BTW. The Backlight search function is now pretty slow and I believe much of the issue is the structure of the database (page generation time is also relatively slow). Designing a more efficient database structure should probably be somewhere down your todo list.

We need to take a step back and think about what Backlight really is. As per our product page, “Backlight is a unique website creation and photo publishing platform, allowing photographers to create, manage and personalize their online photo galleries.” This isn’t a tool for hosting large volumes of data. It’s not a tool for fine-grained and performant searching of large volumes of data.

I can see where you’re coming from. I too have a background in large and complex data sets*. My day job is for a tool that selects and transforms data from hundreds of tables with millions of rows and returns results to hundreds of concurrent users in a matter of seconds.
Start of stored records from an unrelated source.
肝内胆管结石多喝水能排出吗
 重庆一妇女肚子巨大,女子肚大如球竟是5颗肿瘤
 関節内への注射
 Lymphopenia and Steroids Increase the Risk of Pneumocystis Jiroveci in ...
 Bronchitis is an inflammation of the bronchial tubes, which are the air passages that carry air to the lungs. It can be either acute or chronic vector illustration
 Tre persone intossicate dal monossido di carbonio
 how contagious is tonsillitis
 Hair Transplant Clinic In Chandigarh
But that system is entirely different in its purpose and nature to Backlight.
(* of course, what one person considers large and complex may be considered as trivial to another. The sky is the limit with data.)

The data structures in Backlight are kept fairly simple. The design has been carried through in various forms from entirely different back-ends, from CE2 to CE4, and Backlight 1 through 4. We’ve provided upgrade paths across those different versions. So for legacy reasons, it’s kept simple and compatible. The performance issues you’re encountering are likely scalability issues from our use of SQLite. We love SQLite, as it provides a robust and efficient way of searching through photos for the use case that Backlight is designed for. Most importantly, it provides a zero-config way of providing a backend database. The common Linux hosting database of MySQL is not something we want our customer base to deal with and not something we have the resources or inclination to support. But, as you’ve found, SQLite does not scale well to large amounts of data.

Similarly, search is kept simple. It does what it needs to do for a photography website. This is reflected in the provided functionality and accompanying documentation.

I’m not suggesting that it can’t be improved, but that your use case is pushing beyond what Backlight is intended for. It’s closer to something that would be better handled by a bespoke system tailored to your specific needs.


Hi @dsegar, this may be of interest to you. We have increased the search scope to include all metadata fields. This included the Outlets set in the template and the values for the Metadata Panel.
This will be released in the next feature update.

Great. That will be a big improvement. Thank you for doing this.